Есть тайна творчества. Творчество – это таинство. Живое – нерукотворное (хотя бы это и была сделанная руками статуя или храм). Если в них живая красота – тут тайна нерукотворная. В рукотворном и головном (сделанном только руками и придуманном головой) – никакой тайны. Все обозримо, все можно измерить, сосчитать, понять. Ничего большего, чем мое «я». Все – от себя. Мое дело. Моя вещь.
Князь Мышкин и Кириллов имели одинаковые (или почти одинаковые) созерцания. Но князь предоставил Творцу свое сердце, предоставил Ему действовать внутри себя. Только это и есть творчество. Кириллов захотел действовать сам. Захотел дела.
Собственно, в его сердце свершилось таинство (как оно может не свершиться в том, кто так видел?..). И он стал хорош, прекрасен. Это ведь и Ставрогин знал. (Не мог не видеть. Наткнулся лбом.) Но вот поверить до конца своему Внутреннейшему, открывающемуся перед ним в потрясающие минуты, как открывается мир в грозу, освещенный молнией, поверить откровению он не смог. Почему? Что ему помешало? Ведь он полюбил. Бога полюбил. Христа полюбил. Сердце его раздвоения не знало. Это не Ставрогин, расколотый между Мадонной и Содомом, не ангел церкви Лаодикийской. Потому-то и был он так бесспорно хорош, так светел. Сердце Кириллова, как и сердце Мышкина, безгрешно. Оба сердца заполнила любовь к Христу (а через Него и ко всем людям). Только князь свою любовь вынес, выдержал (не выдержала плоть; дух все вынес); а Кириллов любви своей не выдержал. Ибо стал ее проверять.
«Слушай, – говорил он в исступлении очень нелюбимому им Петру Верховенскому. – Слушай: этот Человек был высший на всей земле, составлял то, для чего ей жить.

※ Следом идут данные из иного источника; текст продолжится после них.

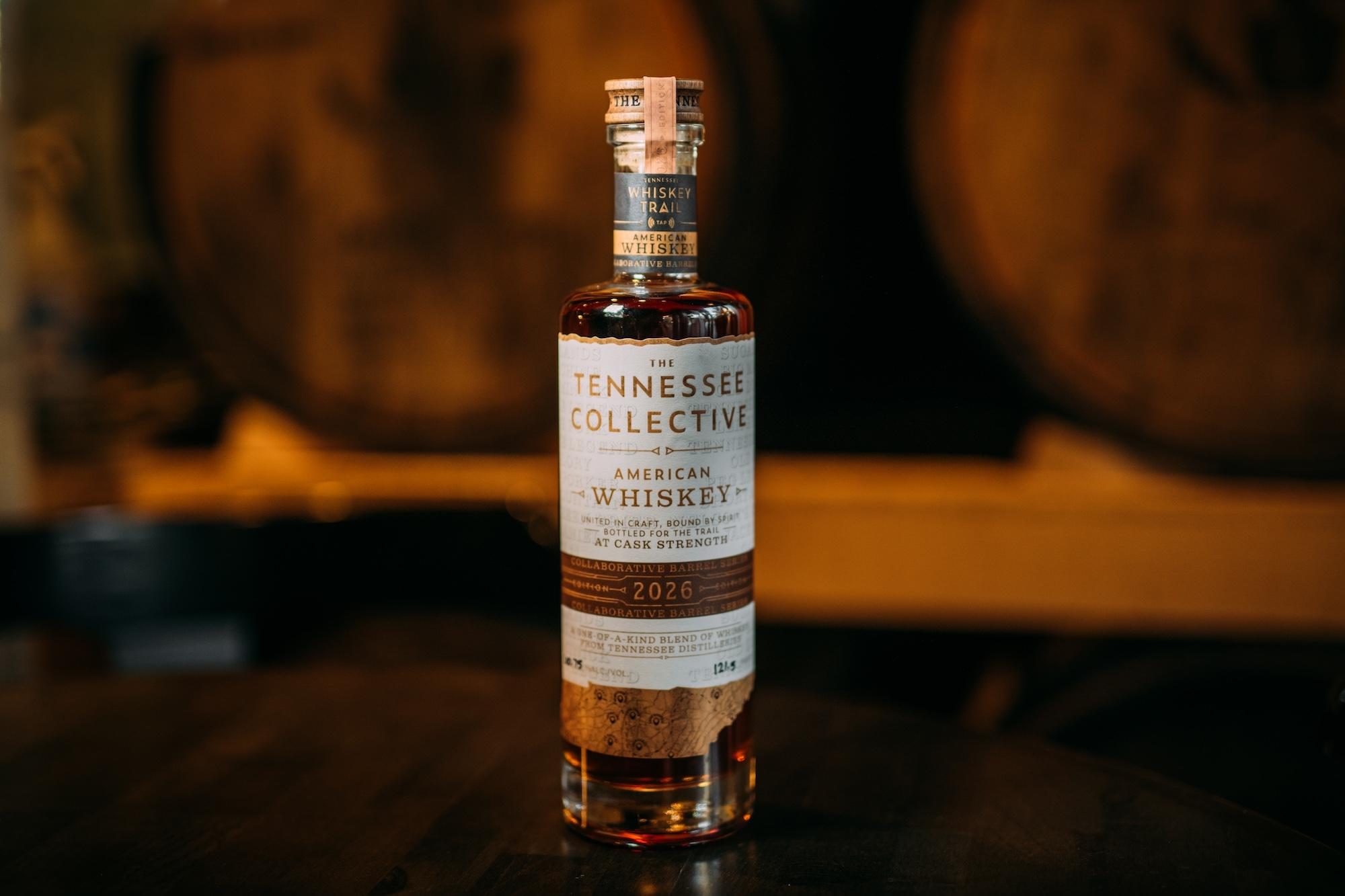 This Collaborative Blend Combines Whiskeys From 11 Tennessee Distilleries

Вся планета, со всем, что на ней, без этого Человека – одно сумасшествие…»
И – «если законы природы не пожалели и этого, даже чудо свое же не пожалели, а заставили и Его жить среди лжи и умереть за ложь, то стало быть вся планета и есть ложь, и стоит на лжи и глупой насмешке. Стало быть, самые законы природы – ложь и дьяволов водевиль. Для чего жить, отвечай, если ты человек?»

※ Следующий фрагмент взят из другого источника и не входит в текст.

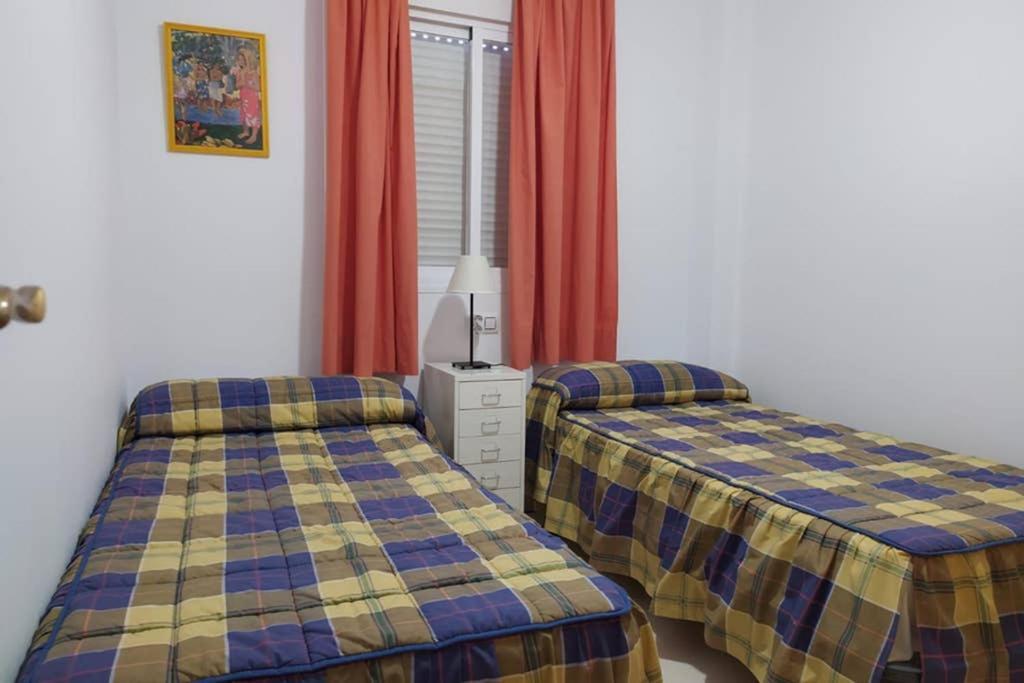 Atico La Estacion Apartment Sanlúcar de Barrameda Exterior foto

Это рассуждение предваряют слова: «Один на кресте до того веровал, что сказал другому: “Будешь сегодня со мной в раю”. Кончился день, оба померли и не нашли ни рая, ни воскресения. Не оправдалось сказанное».
Кириллов хотел, чтобы сказанное оправдалось. Он проверял. Но то, что можно проверить – подтвердить или опровергнуть – все равно, – это не то, что созерцается сердцем. То ничем не проверяется, не мерится. А все само меряет. Оно не от мира сего и сими глазами не видится. Все, что от мира сего, – не то, не про то.

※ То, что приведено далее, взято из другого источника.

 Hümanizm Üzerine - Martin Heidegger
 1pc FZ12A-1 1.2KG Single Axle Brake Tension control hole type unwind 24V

Но ведь Кириллов испытал всю полноту Любви, Жизни, Света – жизнь вечную: «Жизнь есть, а смерти нет совсем». Как же он не понял, что это выше всех проверок и удостоверений?! Что Оно само создает понятия, разумения, новое виденье?
Велика инерция твари, противодействующей Творцу. Это страшная сила. Множество легенд и сказок посвящено такому мистическому неверию – испугу ограниченности перед Безграничным, испугу формы перед Таинственной светоносной волной.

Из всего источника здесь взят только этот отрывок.